◆ **DATA BLOCK**:
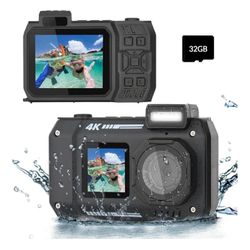 33FT Underwater Camera 4K 30FPS Waterproof Digital Camera with Dual Screens Selfie Built-in 2500 mAh Battery for Snorkeling,Novice Photographer,Black
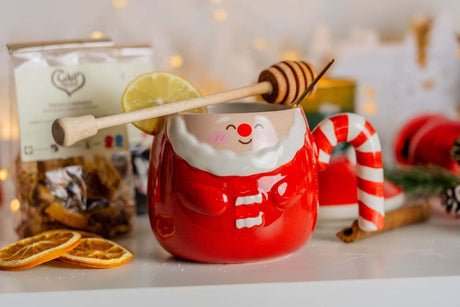 Rote Weihnachtsmann-Tasse mit Deckel, Keramik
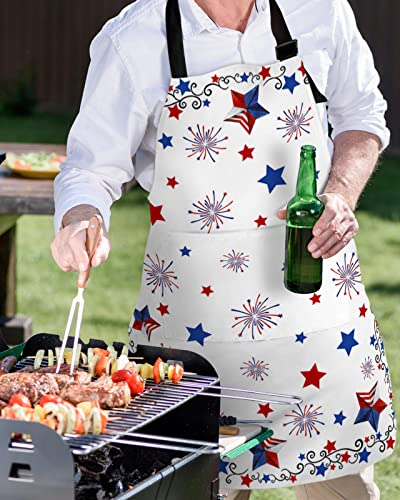 Lbdekor Chef Apron With Pockets For Men Women, 4Th Of July Stars Kitchen Apron For Cooking Waterproof Apron With Strap #TOP4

◆ **TO DO**:
Omit the pictures and repeat the rest of the listing verbatim.

◆ **ANSWER TO THE EXERCISE**:
 33FT Underwater Camera 4K 30FPS Waterproof Digital Camera with Dual Screens Selfie Built-in 2500 mAh Battery for Snorkeling,Novice Photographer,Black
 Rote Weihnachtsmann-Tasse mit Deckel, Keramik
 Lbdekor Chef Apron With Pockets For Men Women, 4Th Of July Stars Kitchen Apron For Cooking Waterproof Apron With Strap #TOP4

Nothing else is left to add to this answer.